Environ 3% de la population mondiale souffre de psoriasis1, une maladie systémique chronique qui peut notamment se manifester au niveau de la peau, avec des symptômes tels que des squames, des rougeurs et des démangeaisons. Heureusement, il existe aujourd’hui de nombreuses options efficaces pour traiter cette affection. Le Dr Sam Dekeyser, dermatologue à l’AZ Maria Middelares à Gand, nous en dit plus.
Docteur Dekeyser, vous êtes dermatologue, mais contrairement à ce que l’on pense souvent, le psoriasis n’est pas uniquement une maladie de la peau. De quoi s’agit-il exactement ?
En effet, ce n’est pas seulement une maladie cutanée : il s’agit d’une affection d’origine génétique qui affecte le système immunitaire. Elle peut se manifester à différents endroits du corps : sur la peau, mais aussi dans les articulations, comme en cas d’arthrite psoriasique, par exemple. Elle augmente également le risque de certaines maladies inflammatoires intestinales, comme la maladie de Crohn ou la rectocolite hémorragique.
Il y a donc un lien avec d’autres maladies, si je comprends bien ?
C’est exact, et il est important de les surveiller de près afin d’éviter des complications. Ainsi, les personnes atteintes de psoriasis présentent plus souvent que la moyenne un surpoids (parfois important), ainsi que de troubles du métabolisme des glucides et des lipides. Cela peut ensuite conduire au diabète et à un excès de cholestérol, avec un risque accru de maladies cardiovasculaires.
En plus de ces problèmes physiques, on observe également davantage de troubles psychologiques, comme la dépression, chez les personnes vivant avec un psoriasis. Tous ces troubles ont en commun d’être liés à une réaction inflammatoire générale. Heureusement, un bon accompagnement et une hygiène de vie saine permettent de s’attaquer efficacement à ces problèmes.
Avec quels symptômes les patients consultent-ils généralement un dermatologue ?
Les principaux symptômes sont des plaques rouges recouvertes de squames, qui peuvent démanger fortement. Elles ne sont absolument pas contagieuses et apparaissent le plus souvent sur le cuir chevelu ou sur la face externe des articulations (comme l’extérieur des coudes ou des genoux). En réalité, elles peuvent toucher n’importe quelle zone de la peau.
Y a-t-il un âge moyen d’apparition de la maladie ?
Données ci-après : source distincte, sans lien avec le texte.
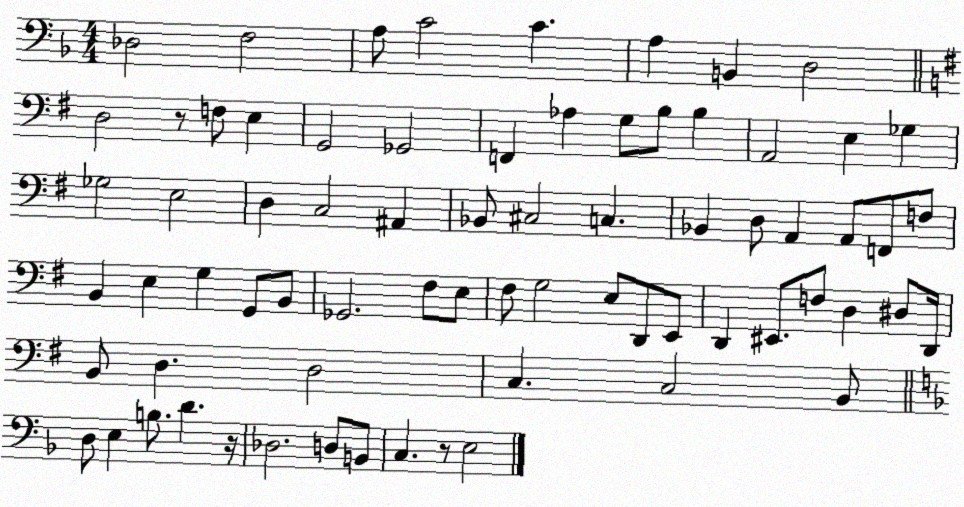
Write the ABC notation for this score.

X:1
T:Untitled
M:4/4
L:1/4
K:F
_D,2 F,2 A,/2 C2 C A, B,, D,2 D,2 z/2 F,/2 E, G,,2 _G,,2 F,, _A, G,/2 B,/2 B, A,,2 E, _G, _G,2 E,2 D, C,2 ^A,, _B,,/2 ^C,2 C, _B,, D,/2 A,, A,,/2 F,,/2 F,/2 B,, E, G, G,,/2 B,,/2 _G,,2 ^F,/2 E,/2 ^F,/2 G,2 E,/2 D,,/2 E,,/2 D,, ^E,,/2 F,/2 D, ^D,/2 D,,/4 B,,/2 D, D,2 C, C,2 B,,/2 D,/2 E, B,/2 D z/4 _D,2 D,/2 B,,/2 C, z/2 E,2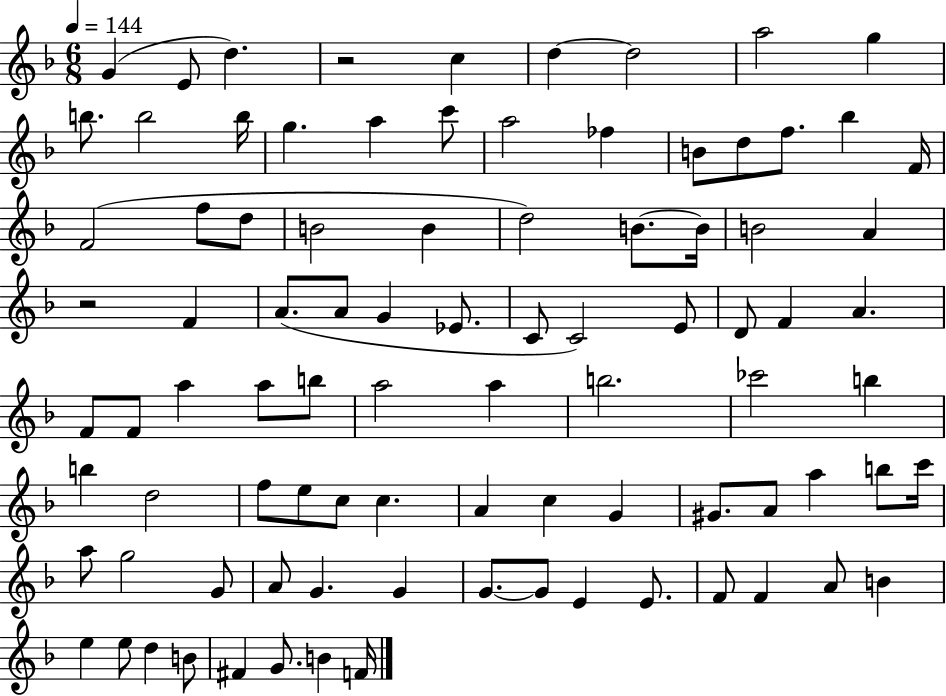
G4/q E4/e D5/q. R/h C5/q D5/q D5/h A5/h G5/q B5/e. B5/h B5/s G5/q. A5/q C6/e A5/h FES5/q B4/e D5/e F5/e. Bb5/q F4/s F4/h F5/e D5/e B4/h B4/q D5/h B4/e. B4/s B4/h A4/q R/h F4/q A4/e. A4/e G4/q Eb4/e. C4/e C4/h E4/e D4/e F4/q A4/q. F4/e F4/e A5/q A5/e B5/e A5/h A5/q B5/h. CES6/h B5/q B5/q D5/h F5/e E5/e C5/e C5/q. A4/q C5/q G4/q G#4/e. A4/e A5/q B5/e C6/s A5/e G5/h G4/e A4/e G4/q. G4/q G4/e. G4/e E4/q E4/e. F4/e F4/q A4/e B4/q E5/q E5/e D5/q B4/e F#4/q G4/e. B4/q F4/s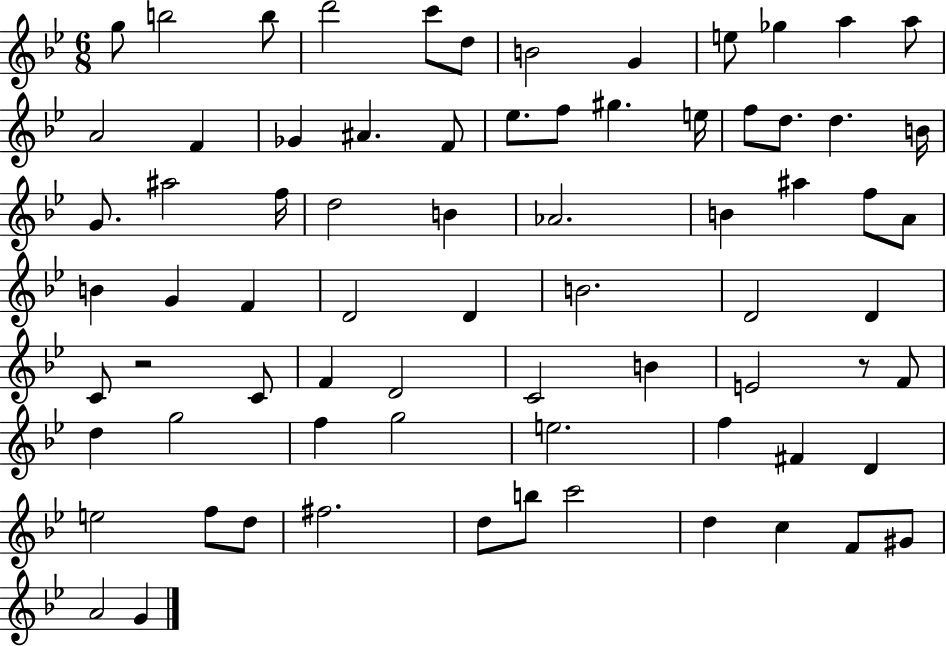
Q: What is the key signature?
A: BES major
La maladie est d’origine génétique, mais elle ne se déclare pas chez tout le monde : elle ne survient que si elle est déclenchée par une combinaison de facteurs environnementaux, comme le stress, des infections ou certains médicaments. Le psoriasis peut donc apparaître à tout âge, mais la majorité des nouveaux cas surviennent entre 20 et 30 ans. C’est une maladie chronique, ce qui signifie qu’elle ne disparaît pas, mais on peut en contrôler les symptômes et la maintenir en phase de rémission, afin que les patients puissent mener une vie normale. Je le répète souvent : le psoriasis est l’une des affections cutanées les mieux traitables. Une fois la bonne thérapie trouvée, nous pouvons réduire l’impact sur la vie quotidienne au strict minimum.
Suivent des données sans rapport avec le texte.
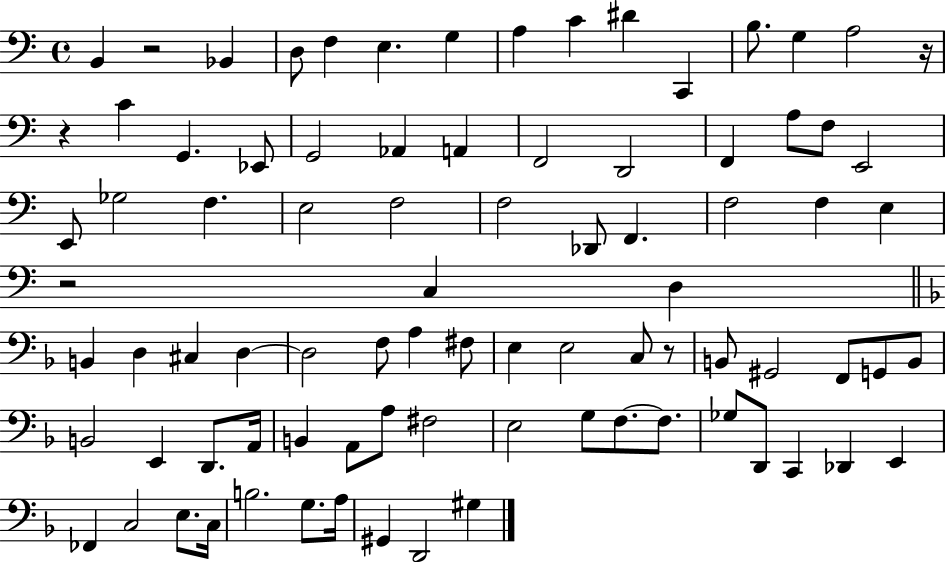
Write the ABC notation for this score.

X:1
T:Untitled
M:4/4
L:1/4
K:C
B,, z2 _B,, D,/2 F, E, G, A, C ^D C,, B,/2 G, A,2 z/4 z C G,, _E,,/2 G,,2 _A,, A,, F,,2 D,,2 F,, A,/2 F,/2 E,,2 E,,/2 _G,2 F, E,2 F,2 F,2 _D,,/2 F,, F,2 F, E, z2 C, D, B,, D, ^C, D, D,2 F,/2 A, ^F,/2 E, E,2 C,/2 z/2 B,,/2 ^G,,2 F,,/2 G,,/2 B,,/2 B,,2 E,, D,,/2 A,,/4 B,, A,,/2 A,/2 ^F,2 E,2 G,/2 F,/2 F,/2 _G,/2 D,,/2 C,, _D,, E,, _F,, C,2 E,/2 C,/4 B,2 G,/2 A,/4 ^G,, D,,2 ^G,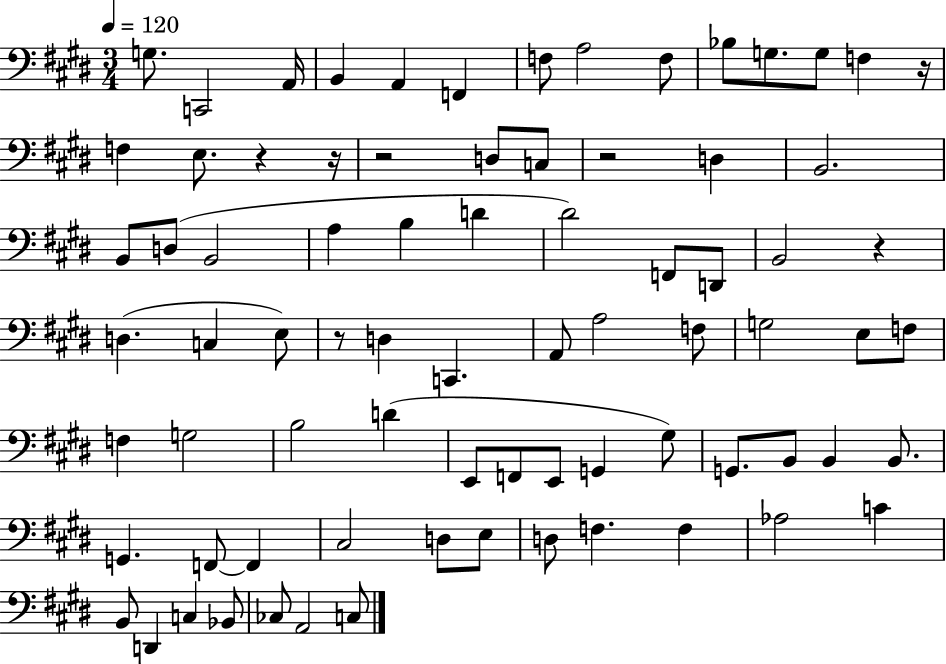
{
  \clef bass
  \numericTimeSignature
  \time 3/4
  \key e \major
  \tempo 4 = 120
  g8. c,2 a,16 | b,4 a,4 f,4 | f8 a2 f8 | bes8 g8. g8 f4 r16 | \break f4 e8. r4 r16 | r2 d8 c8 | r2 d4 | b,2. | \break b,8 d8( b,2 | a4 b4 d'4 | dis'2) f,8 d,8 | b,2 r4 | \break d4.( c4 e8) | r8 d4 c,4. | a,8 a2 f8 | g2 e8 f8 | \break f4 g2 | b2 d'4( | e,8 f,8 e,8 g,4 gis8) | g,8. b,8 b,4 b,8. | \break g,4. f,8~~ f,4 | cis2 d8 e8 | d8 f4. f4 | aes2 c'4 | \break b,8 d,4 c4 bes,8 | ces8 a,2 c8 | \bar "|."
}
Quelles options thérapeutiques existe-t-il aujourd’hui ?
Le panel est large, et le choix dépend de plusieurs critères. Globalement, on commence par les traitements locaux : des crèmes et la photothérapie, qui s’attaquent aux symptômes de l’extérieur. Ces options suffisent généralement pour les formes plus légères de psoriasis. Pour les formes sévères, qui ne répondent pas aux traitements locaux, on peut recourir à une « thérapie systémique » : ce sont des médicaments pris par voie orale ou administrés par injection, qui agissent sur le système immunitaire pour réduire l’inflammation et, par conséquent, faire disparaître les lésions. Le choix du traitement repose sur plusieurs critères : la gravité et la localisation des lésions, l’existence éventuelle de maladies associées (comorbidités), les traitements déjà essayés, etc. J’examine donc chaque patient de manière approfondie, en analysant aussi son histoire médicale et ses attentes.
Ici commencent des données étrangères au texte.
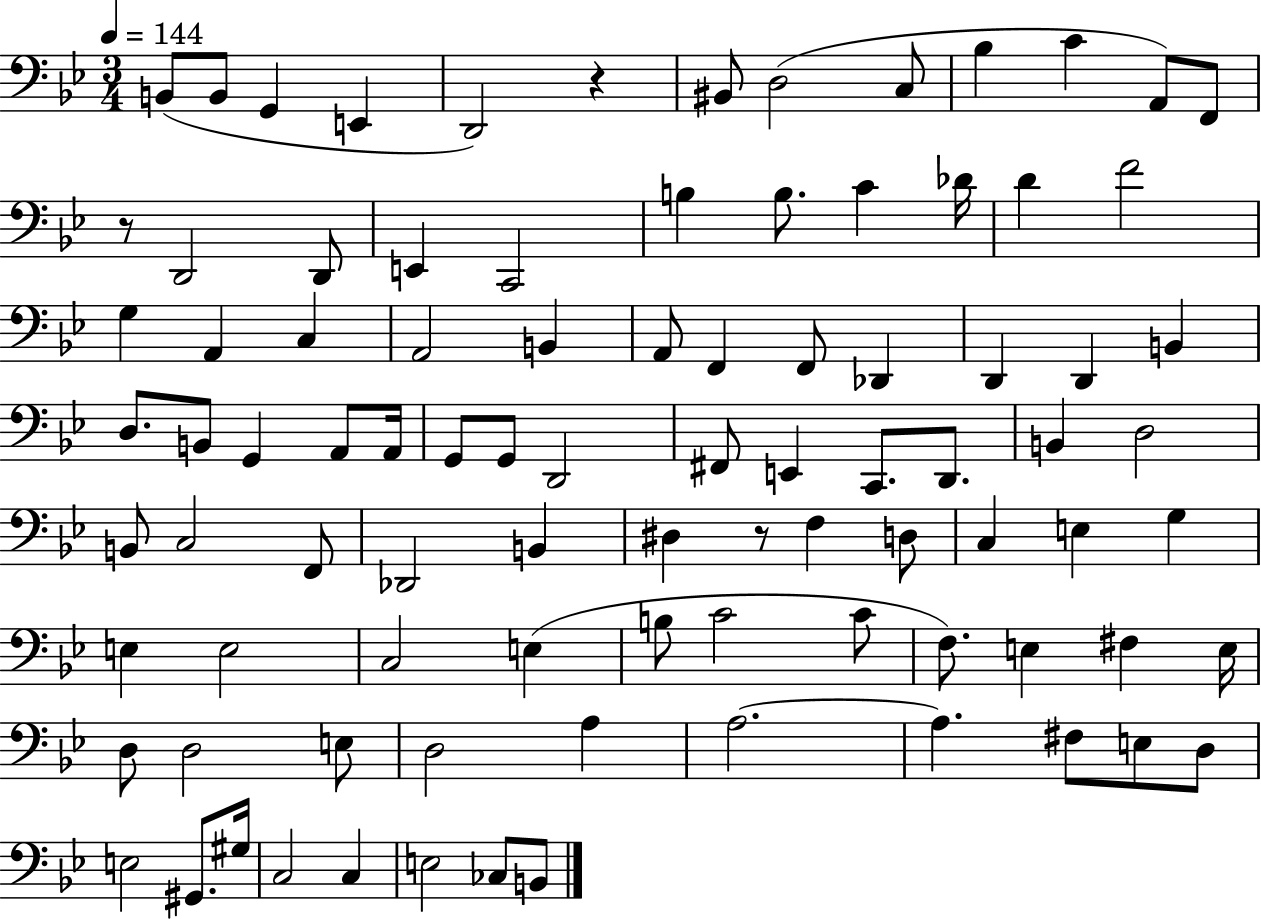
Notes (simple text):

B2/e B2/e G2/q E2/q D2/h R/q BIS2/e D3/h C3/e Bb3/q C4/q A2/e F2/e R/e D2/h D2/e E2/q C2/h B3/q B3/e. C4/q Db4/s D4/q F4/h G3/q A2/q C3/q A2/h B2/q A2/e F2/q F2/e Db2/q D2/q D2/q B2/q D3/e. B2/e G2/q A2/e A2/s G2/e G2/e D2/h F#2/e E2/q C2/e. D2/e. B2/q D3/h B2/e C3/h F2/e Db2/h B2/q D#3/q R/e F3/q D3/e C3/q E3/q G3/q E3/q E3/h C3/h E3/q B3/e C4/h C4/e F3/e. E3/q F#3/q E3/s D3/e D3/h E3/e D3/h A3/q A3/h. A3/q. F#3/e E3/e D3/e E3/h G#2/e. G#3/s C3/h C3/q E3/h CES3/e B2/e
Enfin, je discute en détail de toutes les options et nous choisissons ensemble la solution la plus adaptée, en tenant compte des contraintes éventuelles (préférences personnelles, remboursement, etc.). Cet aspect est primordial, car chaque traitement a un impact sur la vie quotidienne : qu’il s’agisse d’une crème à appliquer ou d’injections à recevoir.
En dehors d’un bon suivi thérapeutique, que peuvent faire les patients ?
On a beaucoup écrit sur l’impact de l’alimentation, mais de nombreuses affirmations ne sont pas scientifiquement prouvées. Ce que l’on sait en revanche, c’est qu’une alimentation variée et équilibrée est recommandée, comme pour d’autres maladies inflammatoires. Il vaut mieux éviter les sucres rapides et les aliments ultra-transformés, car ils favorisent l’inflammation.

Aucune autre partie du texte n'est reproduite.